O país viveu, em 2024, a maior escalada dos preços desde a crise financeira. O preço mediano de venda atingiu 1.870 €/m² no 4.º trimestre — +15,5% face ao ano anterior e +10,3% no total do ano.

As rendas também dispararam: 8,22 €/m² no 1.º trimestre de 2025, mais 10% do que em 2024, em 23.417 novos contratos.

Sinais vitais da crise

  • Preço mediano de venda (Q4 2024): 1.870 €/m² (+15,5%).
  • Variação anual: +10,3%.
  • Renda mediana novos contratos (Q1 2025): 8,22 €/m² (+10%).
  • Contratos de arrendamento no trimestre: 23.417.
  • Edifícios licenciados em 2024: 25.470 (+7,2%).
    Fonte: INE

Democracia a crédito

A taxa de sobrecarga habitacional — quem gasta mais de 40% do rendimento líquido em casa — atingiu 8% da população urbana em 2024. Entre jovens e arrendatários, o número é bem mais alto.

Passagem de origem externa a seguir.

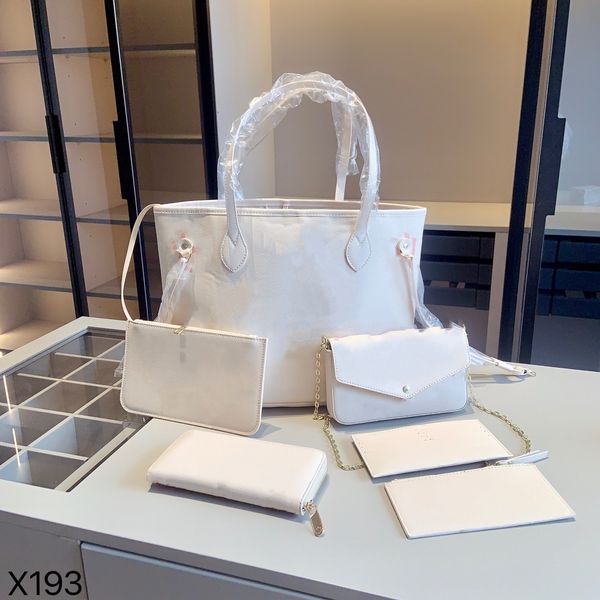 new 4-piece bag designer skew bag women's shoulder handbag fashion men's and women's handbags classic chain bag 8 colors 32 m
new 4-piece bag designer skew bag women's shoulder handbag fashion men's and women's handbags classic chain bag 8 colors 32 m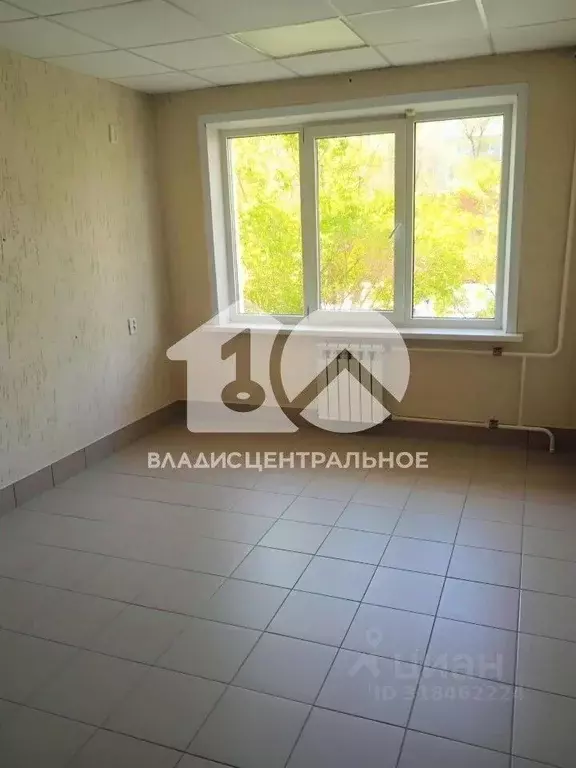 3-к кв. Новосибирская область, Новосибирск ул. Кошурникова, 14 (60.0 ... - Фото 0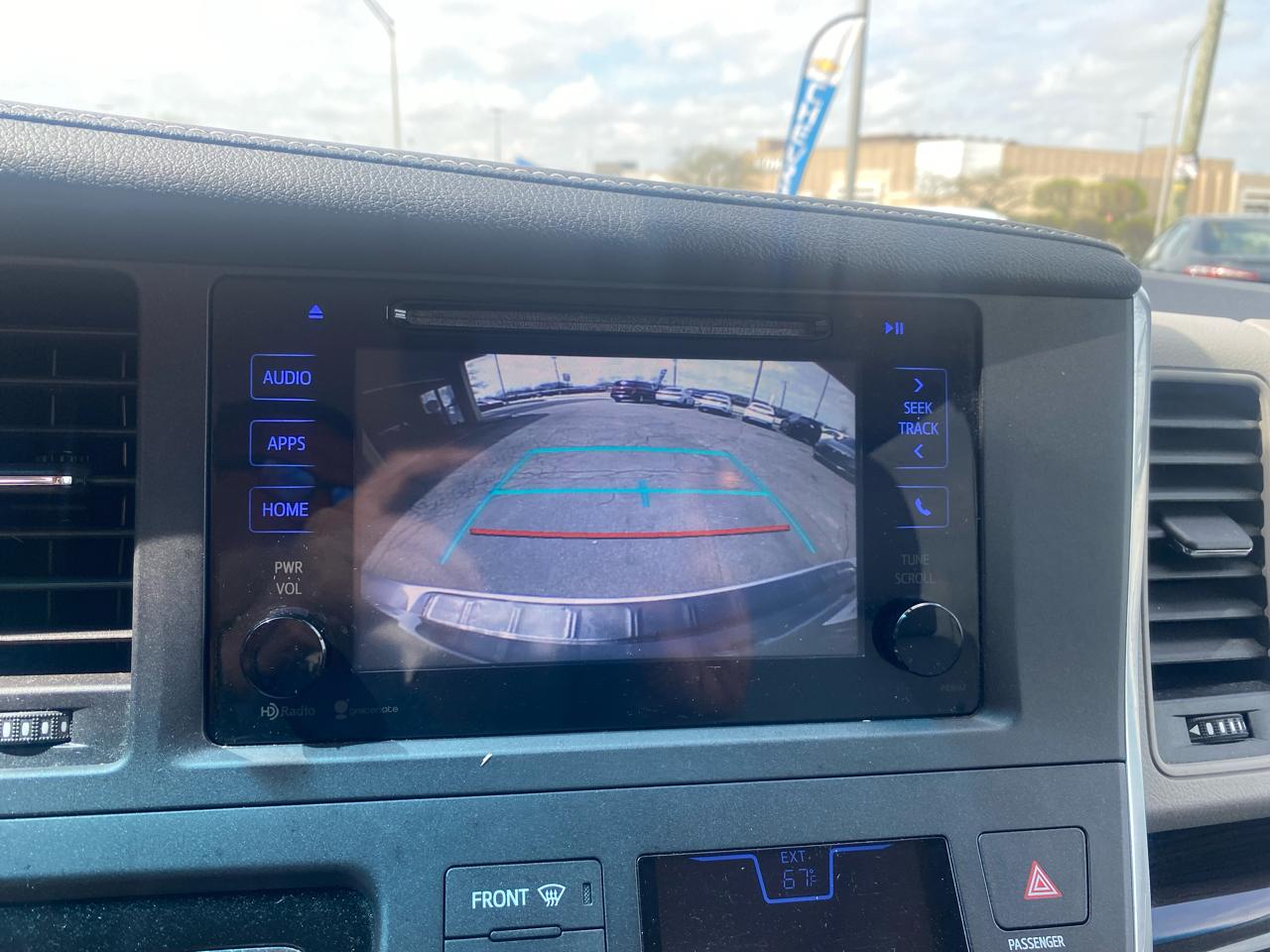 Toyota Sienna XLE FWD 8-Passenger V6 2015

“A habitação deixou de ser escolha. É sobrevivência. Pagamos primeiro a casa e depois pensamos na vida.”
Marta, 31 anos, arrendatária

A democracia não se mede só em votos. Mede-se em metros quadrados habitáveis. Quando uma geração não consegue viver onde trabalha, estuda ou ama, o país falha no essencial.

O pano de fundo: políticas que não chegam

Em 2023, o Governo aprovou o pacote Mais Habitação (Lei n.º 56/2023): limites ao Alojamento Local, benefícios fiscais para arrendamento acessível, travão aos Vistos Gold imobiliários. Mas os resultados foram lentos.

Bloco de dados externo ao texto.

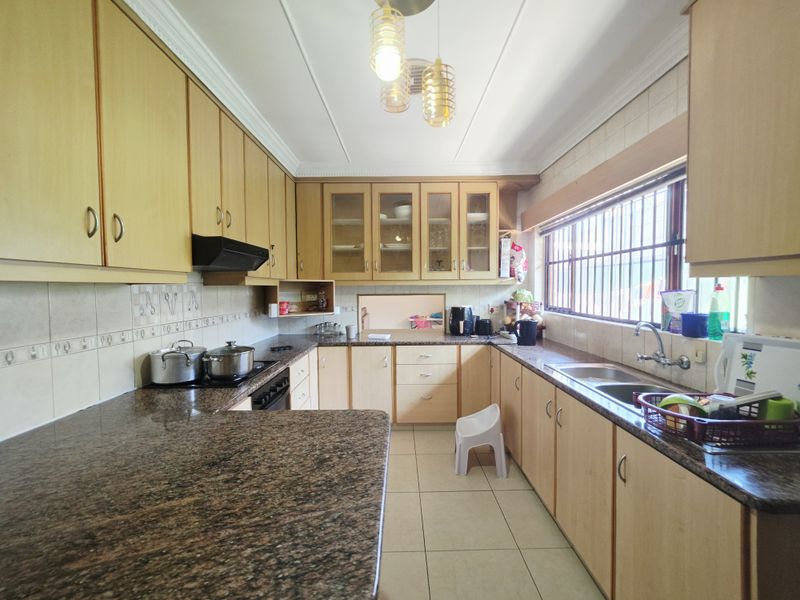 Charming Family Home with Great Potential in Empangeni - Photo 2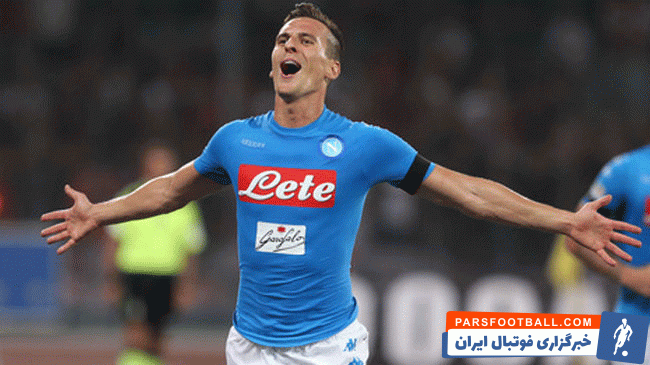 مائوریسیو ساری، سرمربی یوونتوس برای تقویت خط حمله ی خود و انتخاب یک جانشین برای ایگوایین، به سراغ آرکادیوش میلیک، ستاره لهستانی ناپولی خواهد رفت.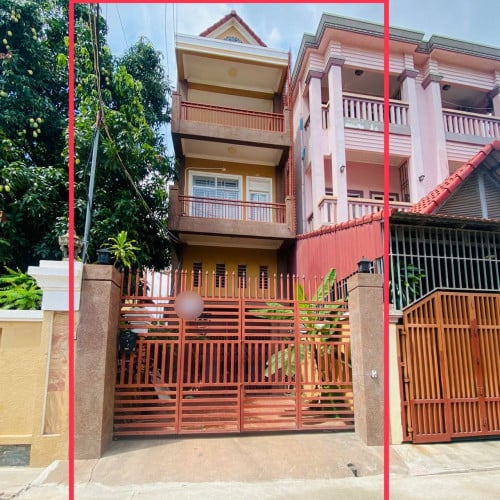 Urgent House for Sale | Boeng Tumpun, Phnom Penh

O fim dos Vistos Gold trouxe algum alívio nos segmentos de luxo, mas não chegou às famílias de classe média. E o arrendamento acessível, dependente de incentivos fiscais, ficou aquém do necessário.

“Não basta limitar o Alojamento Local. É preciso reconverter essas casas para arrendamento acessível, com regras simples e claras”, sublinha um urbanista ouvido pelo Expresso.

Portugal e a Europa

  • Entre 2010 e 2022, preços das casas na UE subiram 47%, rendas 18%.
  • Em Portugal, a valorização foi mais acentuada do que os salários.
  • Jovens portugueses saem de casa dos pais, em média, aos 30 anos (média UE: 27).
  • A taxa de sobrecarga habitacional urbana em Portugal é de 8% (Eurostat, 2024).

A vida nos limites da cidade

O efeito é visível. Professores que dormem a 80 km da escola. Enfermeiros que passam três horas diárias em transportes. Jovens que dividem quartos a 350 € em Lisboa. A cidade expulsa quem a faz viver.

“A cidade sem jovens e sem classes médias fica mais cara, menos criativa e mais insegura.”
Urbanista, Lisboa

O silêncio dos números e das ruas

A oferta até cresceu: mais 25.470 edifícios licenciados em 2024. Mas a construção destina-se sobretudo a segmentos médios-altos e ao turismo. O arrendamento de longa duração continua escasso, os bairros sociais estagnaram e a classe média ficou num limbo: demasiado pobre para comprar, demasiado “rica” para aceder a apoio público.

O resultado é uma erosão lenta, mas profunda, da coesão social.

Quatro saídas possíveis

  1. Oferta em escala e a preço controlado – mobilizar solo público com cláusulas de preço-teto por 30 anos.
  2. Rendas estáveis – contratos de 7 a 10 anos, com garantias públicas para senhorios.
  3. Reconversão do AL – crédito bonificado e obrigação de arrendar a preços abaixo do mercado.
  4. Dados em tempo real – plataforma nacional de monitorização mensal, com avaliações independentes.

O futuro adiado

Marta e Luís arrumaram a mala. O filho adormeceu no banco de trás, no trânsito da A2, enquanto Lisboa ficava a brilhar ao longe.

A democracia mede-se em eleições livres, tribunais independentes e imprensa vigilante. Mas mede-se também em metros quadrados habitáveis.

Se uma geração inteira não encontra casa, o país não está apenas a falhar. Está a perder-se.